Exercise brief – Please set down each of the lines below once more, exactly, omitting all pictures.

━━ Data listing ━━

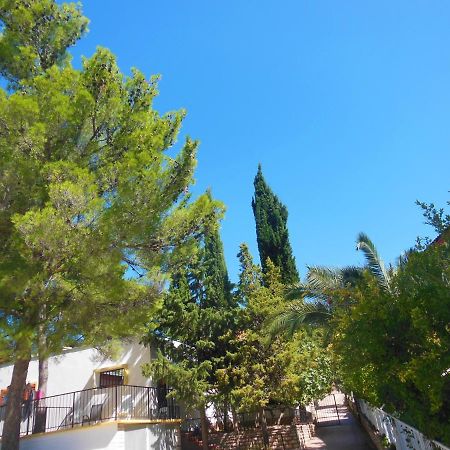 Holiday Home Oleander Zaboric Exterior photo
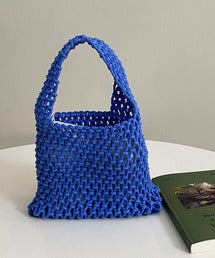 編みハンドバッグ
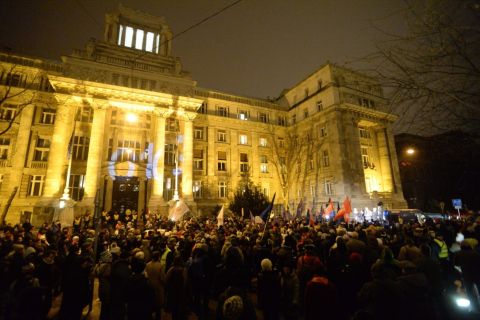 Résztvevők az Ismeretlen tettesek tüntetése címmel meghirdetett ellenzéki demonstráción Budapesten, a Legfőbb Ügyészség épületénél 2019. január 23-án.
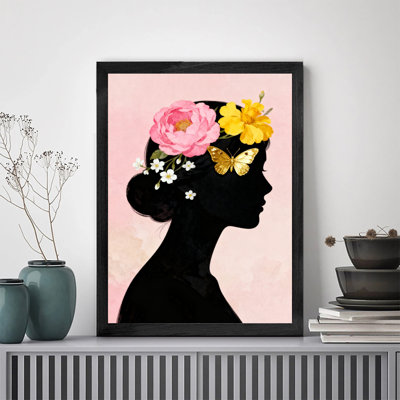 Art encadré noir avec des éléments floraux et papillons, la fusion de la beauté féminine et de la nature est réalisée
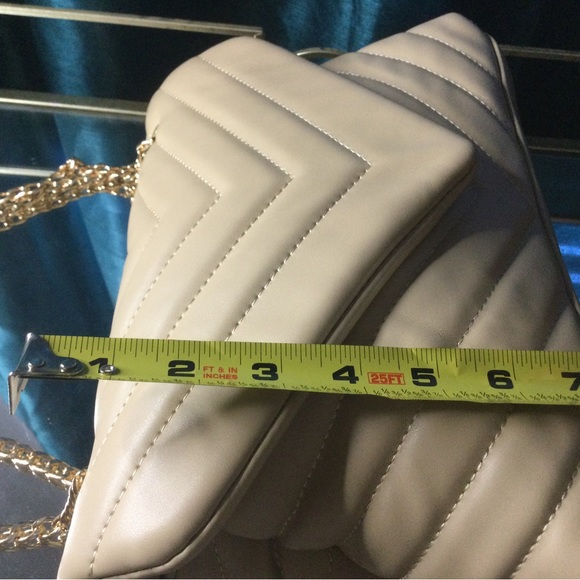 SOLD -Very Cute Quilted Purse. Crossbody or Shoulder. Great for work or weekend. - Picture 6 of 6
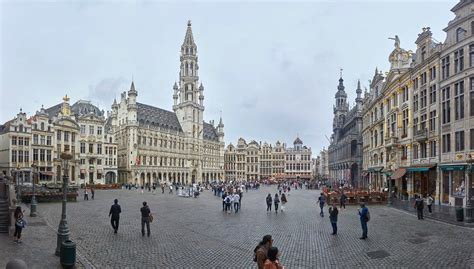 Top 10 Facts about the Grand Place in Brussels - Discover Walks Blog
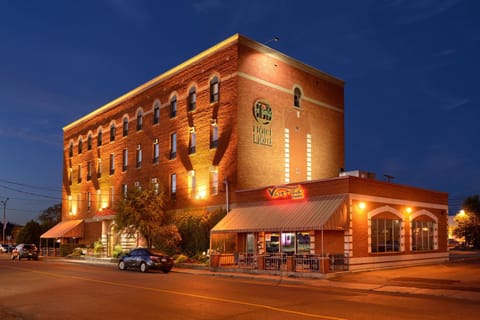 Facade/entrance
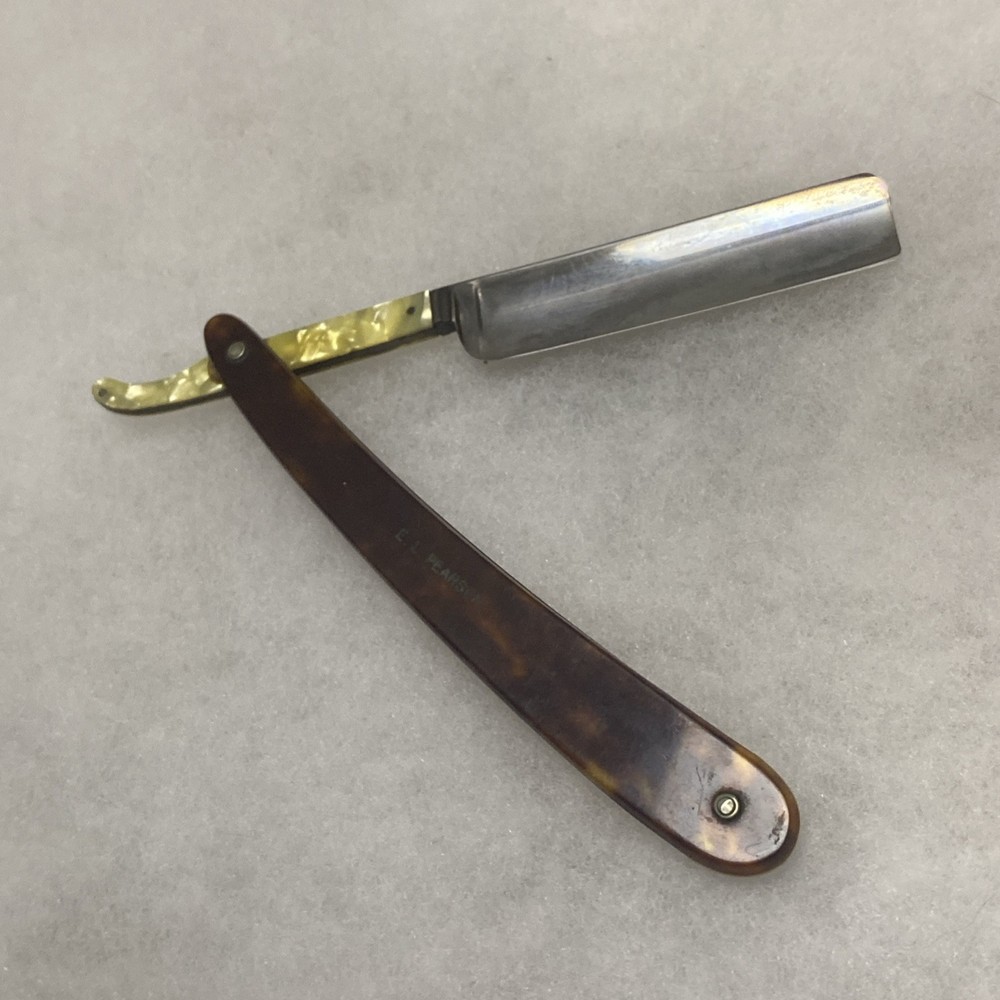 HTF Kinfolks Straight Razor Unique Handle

━━━

Problem solution –
 Holiday Home Oleander Zaboric Exterior photo
 編みハンドバッグ
 Résztvevők az Ismeretlen tettesek tüntetése címmel meghirdetett ellenzéki demonstráción Budapesten, a Legfőbb Ügyészség épületénél 2019. január 23-án.
 Art encadré noir avec des éléments floraux et papillons, la fusion de la beauté féminine et de la nature est réalisée
 SOLD -Very Cute Quilted Purse. Crossbody or Shoulder. Great for work or weekend. - Picture 6 of 6
 Top 10 Facts about the Grand Place in Brussels - Discover Walks Blog
 Facade/entrance
 HTF Kinfolks Straight Razor Unique Handle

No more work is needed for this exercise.